Scraped caption text data =>
---+---

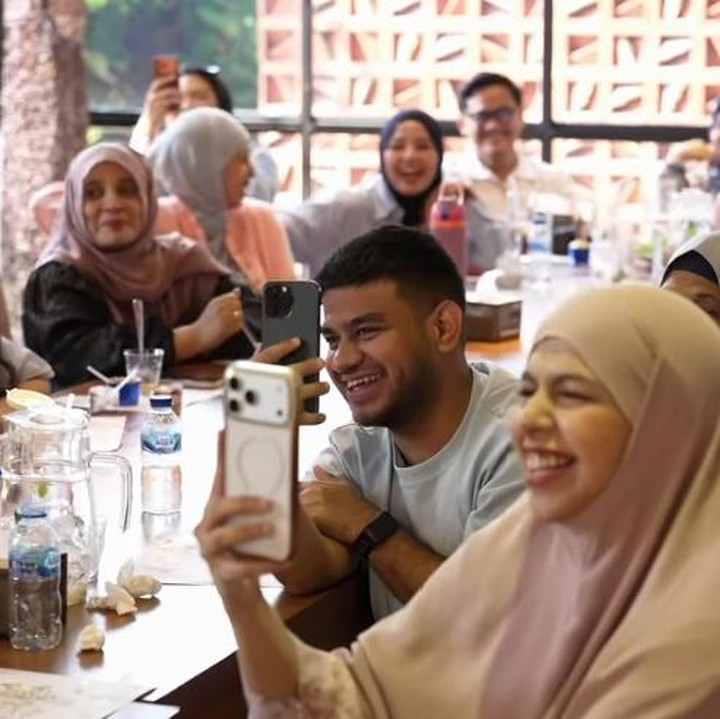 <p>Selebgram sekaligus istri dari dr Yislam Aljaidi yakni Miskah Shafa mengumumkan jenis kelamin anak keduanya lewat gender reveal sederhana yang dihadiri oleh keluarga dan sahabat dekat. Miskah mengunggah momen gender reveal lewat video di akun Instagramnya. (Foto: instagram @miskashf)</p>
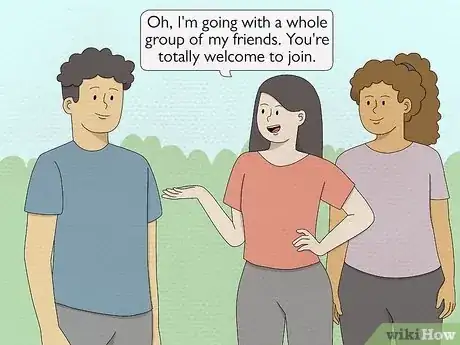 Imagen titulada Act Around a Guy You Think Likes You Step 6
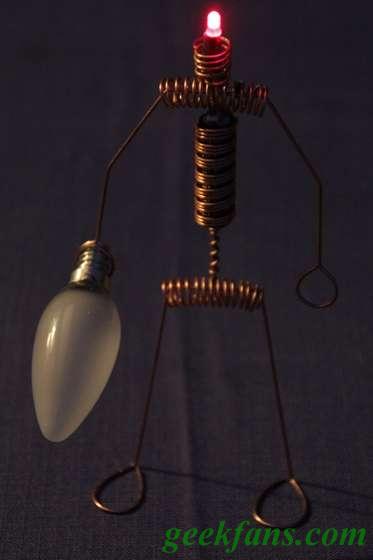 10.jpg 点亮的LED人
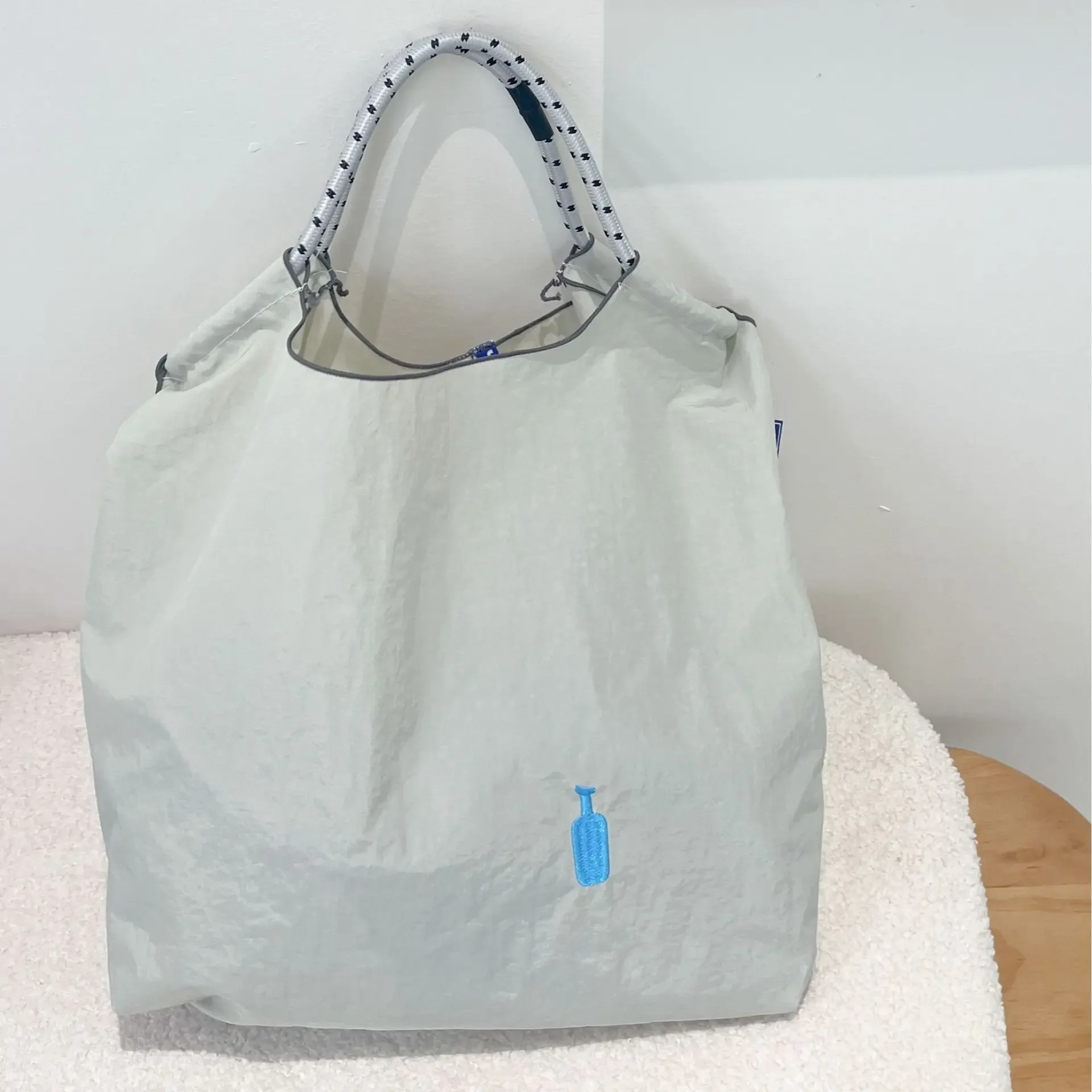 Summer New Tote Bag Blue Bottle Embroidery Storage Bag Shopping Lightweight Thin Fabric Large Capacity Single Shoulder Women's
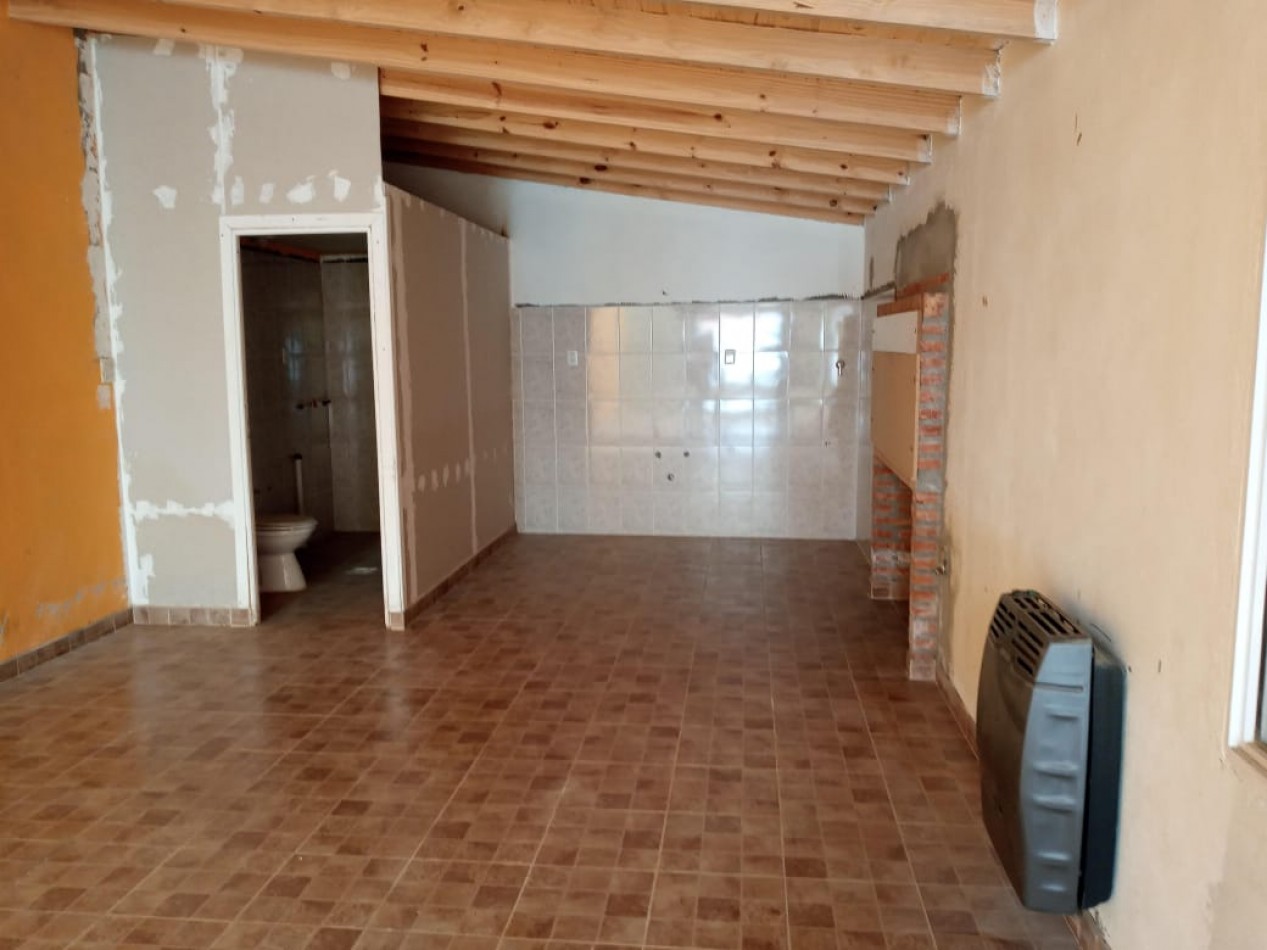 VENTA DE CASA APTA CREDITO EN COMANDANTE LUIS PIEDRABUENA SANTA CRUZ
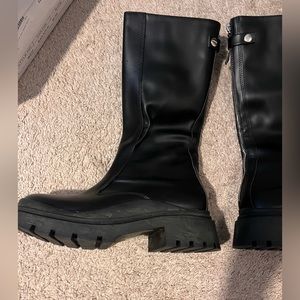 Brand new Zip up mid rise faux leather boots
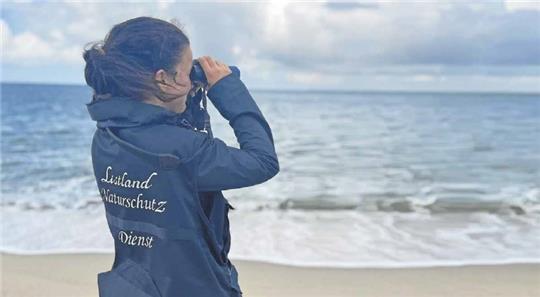 Naturschützerin Stella Kinne arbeitet als Rangerin auf Sylt und in Neuseeland. Foto: Stella Kinne/Privat
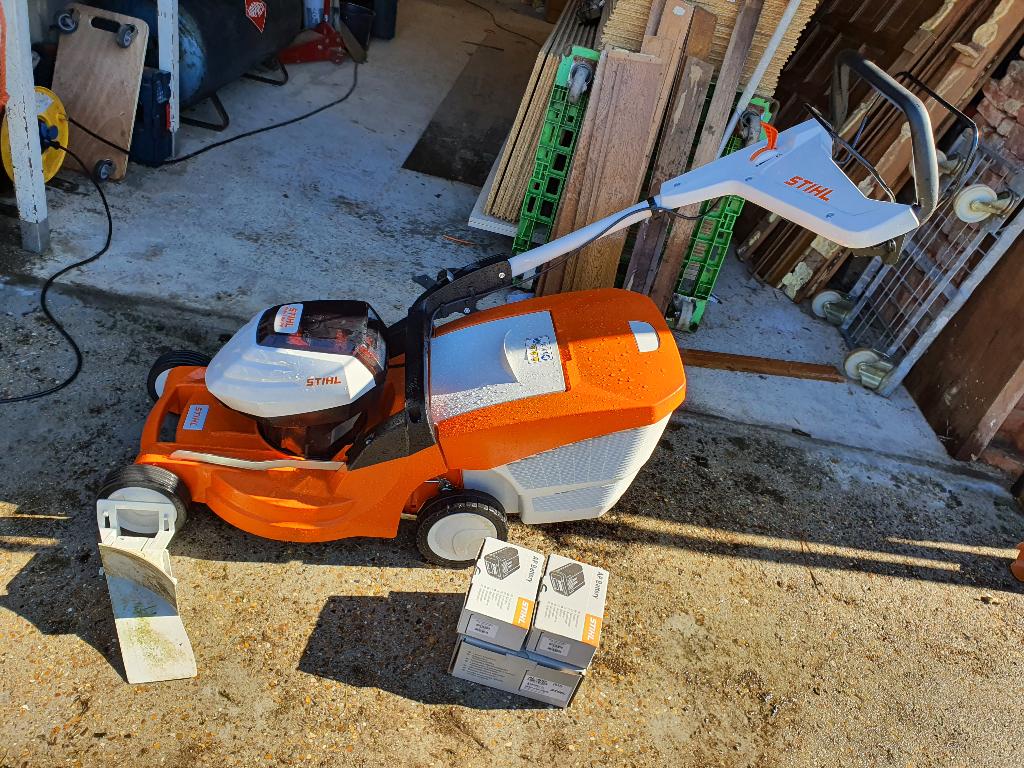 STIHL RMA 448.2 PV ACCUGRASMAAIER bijna nieuw Met 2x, Ophalen, Stilh, Versnellingen, Accu-grasmaaier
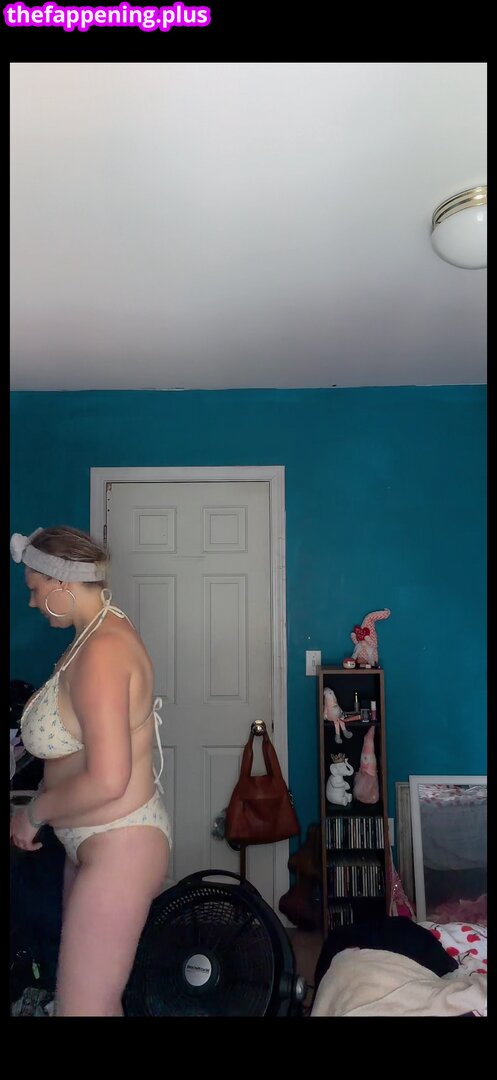 Kaybrookew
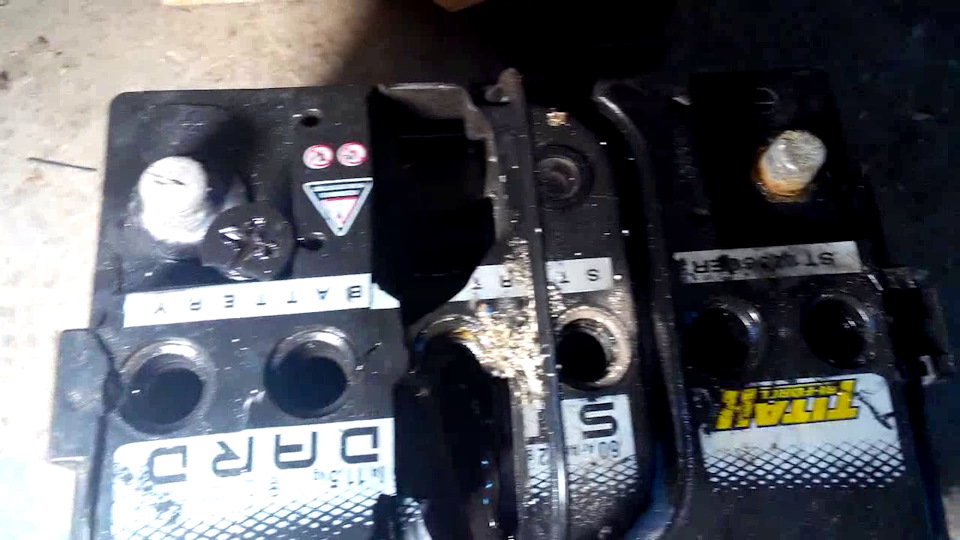 Переполюсовка авто АКБ эксперимент потерпел ФИАСКО! Нарушил ПТБ ...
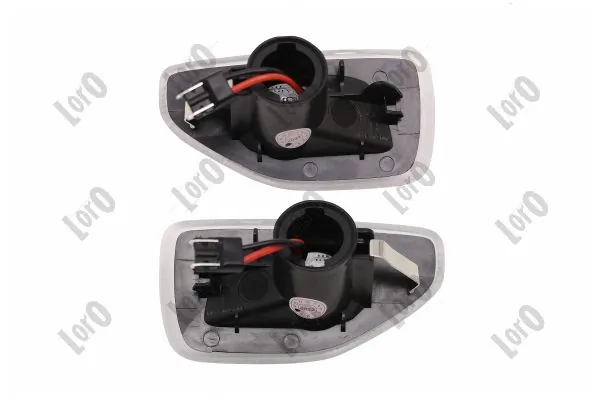 L10140001LED Depo/Loro/Abakus Повторитель поворота на крыле правый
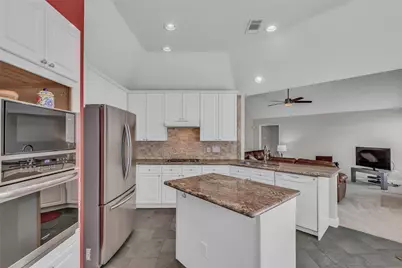 326 N Cypress Estates Circle, Spring, TX 77388 - Photo 19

---+---

Task description => Since the pictures are not wanted, write out the rest of the data exactly as it reads.

Exercise answer =>
 <p>Selebgram sekaligus istri dari dr Yislam Aljaidi yakni Miskah Shafa mengumumkan jenis kelamin anak keduanya lewat gender reveal sederhana yang dihadiri oleh keluarga dan sahabat dekat. Miskah mengunggah momen gender reveal lewat video di akun Instagramnya. (Foto: instagram @miskashf)</p>
 Imagen titulada Act Around a Guy You Think Likes You Step 6
 10.jpg 点亮的LED人
 Summer New Tote Bag Blue Bottle Embroidery Storage Bag Shopping Lightweight Thin Fabric Large Capacity Single Shoulder Women's
 VENTA DE CASA APTA CREDITO EN COMANDANTE LUIS PIEDRABUENA SANTA CRUZ
 Brand new Zip up mid rise faux leather boots
 Naturschützerin Stella Kinne arbeitet als Rangerin auf Sylt und in Neuseeland. Foto: Stella Kinne/Privat
 STIHL RMA 448.2 PV ACCUGRASMAAIER bijna nieuw Met 2x, Ophalen, Stilh, Versnellingen, Accu-grasmaaier
 Kaybrookew
 Переполюсовка авто АКБ эксперимент потерпел ФИАСКО! Нарушил ПТБ ...
 L10140001LED Depo/Loro/Abakus Повторитель поворота на крыле правый
 326 N Cypress Estates Circle, Spring, TX 77388 - Photo 19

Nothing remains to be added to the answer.